Start of DATA TO PROCESS

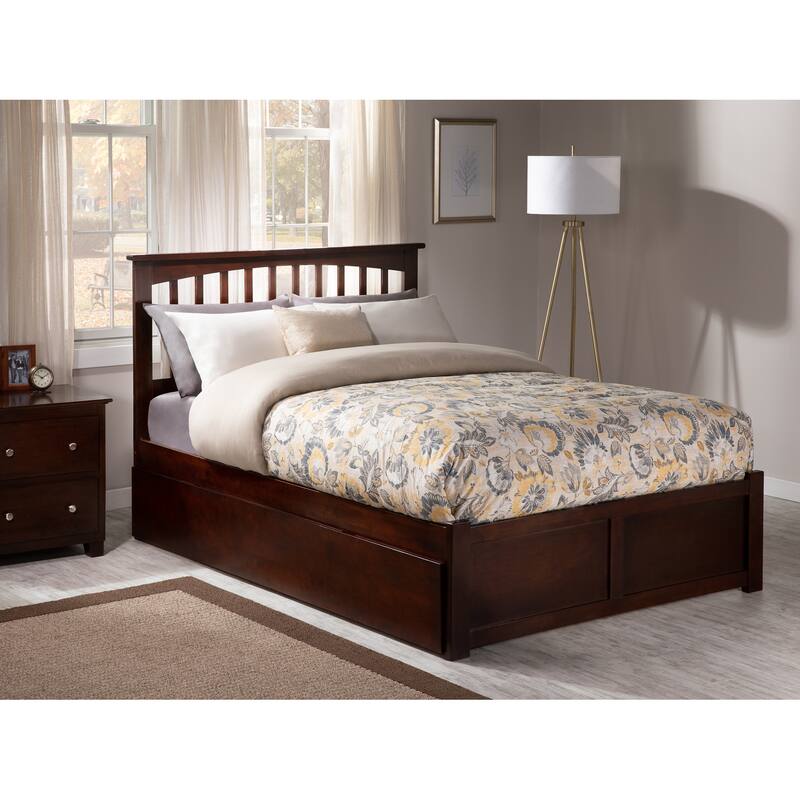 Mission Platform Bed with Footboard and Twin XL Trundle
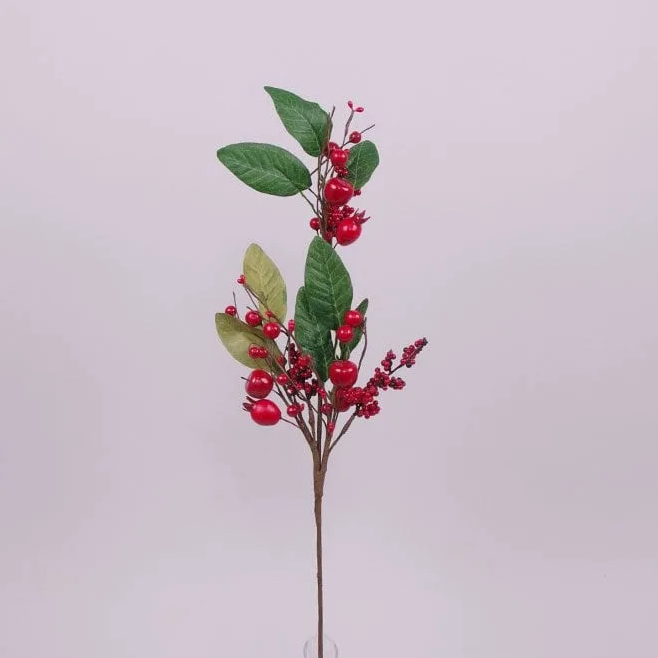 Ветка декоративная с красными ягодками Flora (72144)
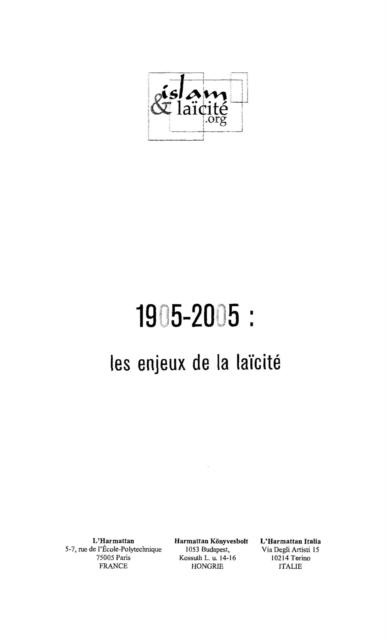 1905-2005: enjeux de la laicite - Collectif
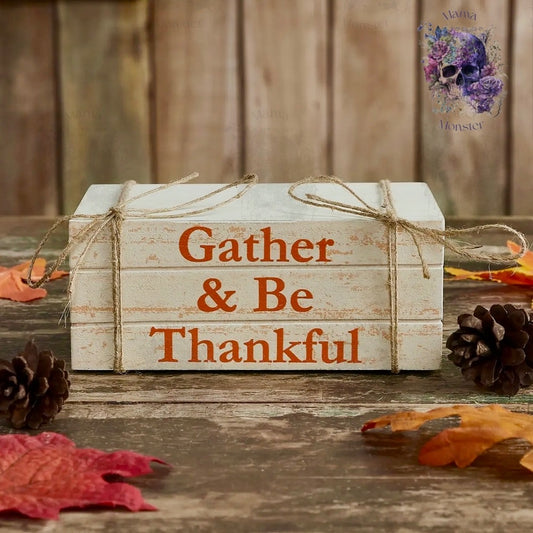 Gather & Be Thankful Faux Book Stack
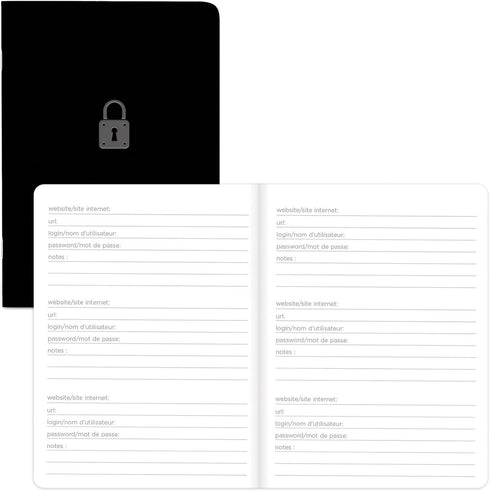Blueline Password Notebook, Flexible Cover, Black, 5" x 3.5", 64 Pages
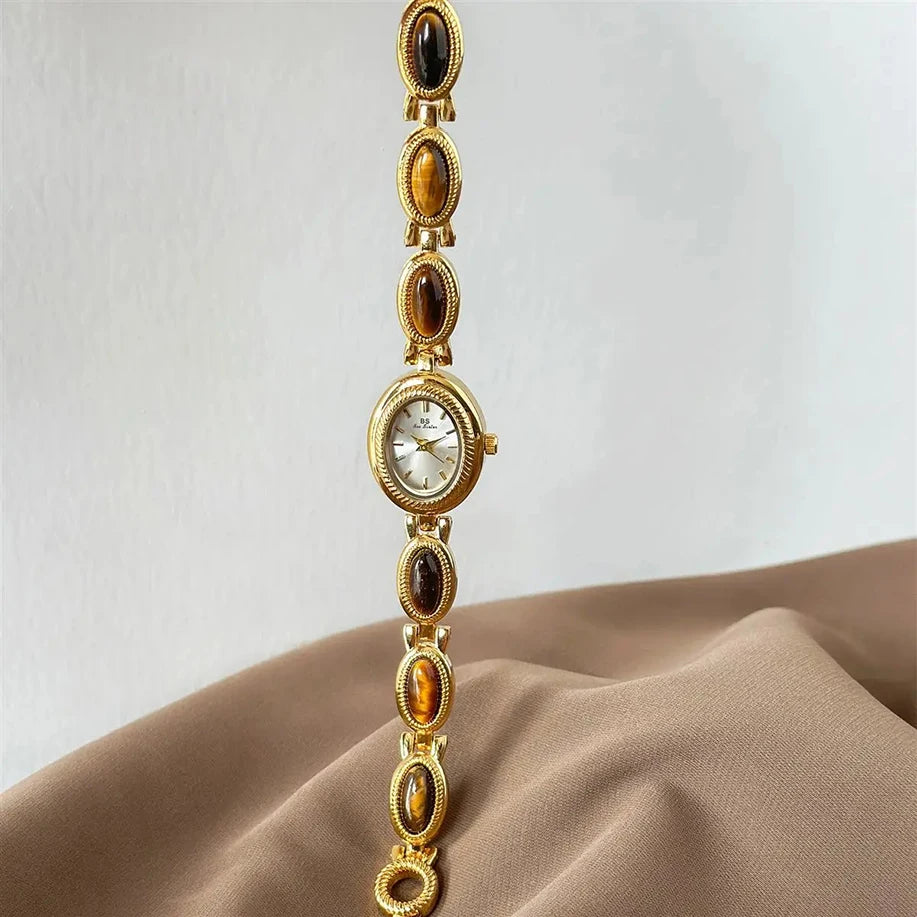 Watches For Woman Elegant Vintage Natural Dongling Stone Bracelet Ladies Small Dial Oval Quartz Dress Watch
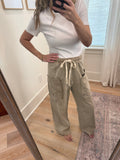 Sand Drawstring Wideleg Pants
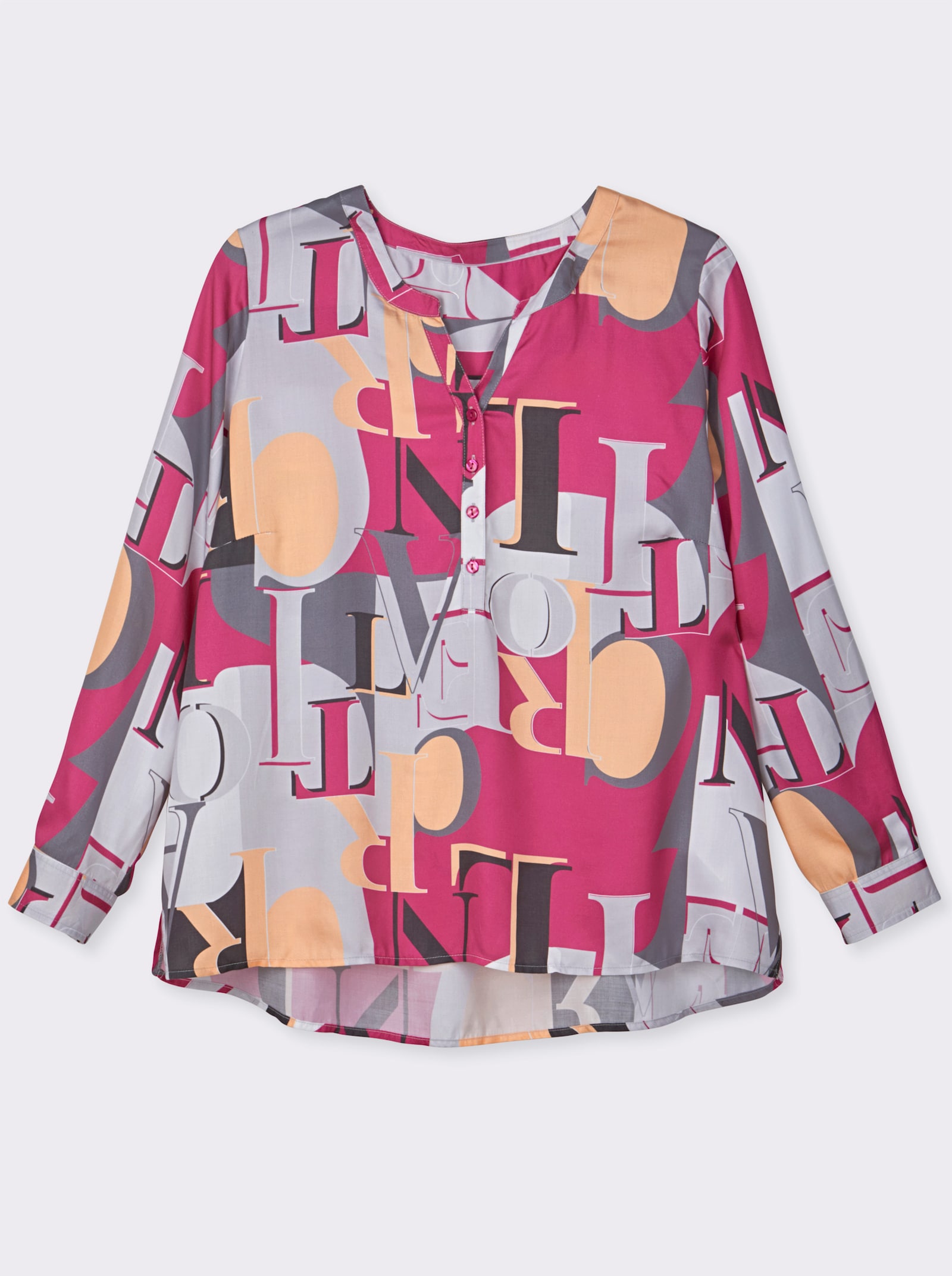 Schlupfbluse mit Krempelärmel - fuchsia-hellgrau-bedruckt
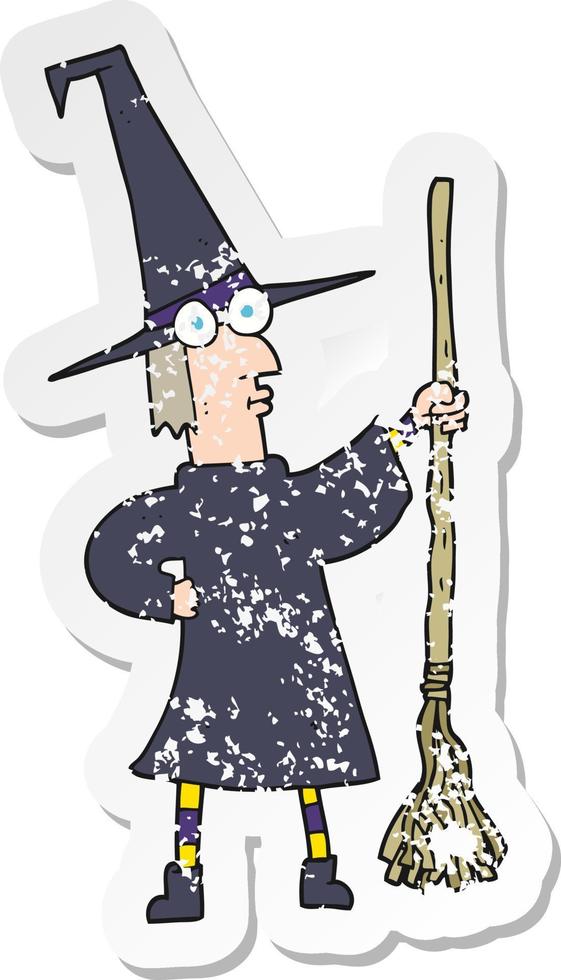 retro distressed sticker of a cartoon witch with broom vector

End of DATA TO PROCESS

WHAT THE TASK ASKS — Repeat verbatim the lines between the start of the data and the line containing "Watches For Woman", both ends included, omitting all pictures.

RESULT FOR THIS EXERCISE —
 Mission Platform Bed with Footboard and Twin XL Trundle
 Ветка декоративная с красными ягодками Flora (72144)
 1905-2005: enjeux de la laicite - Collectif
 Gather & Be Thankful Faux Book Stack
Blueline Password Notebook, Flexible Cover, Black, 5" x 3.5", 64 Pages
 Watches For Woman Elegant Vintage Natural Dongling Stone Bracelet Ladies Small Dial Oval Quartz Dress Watch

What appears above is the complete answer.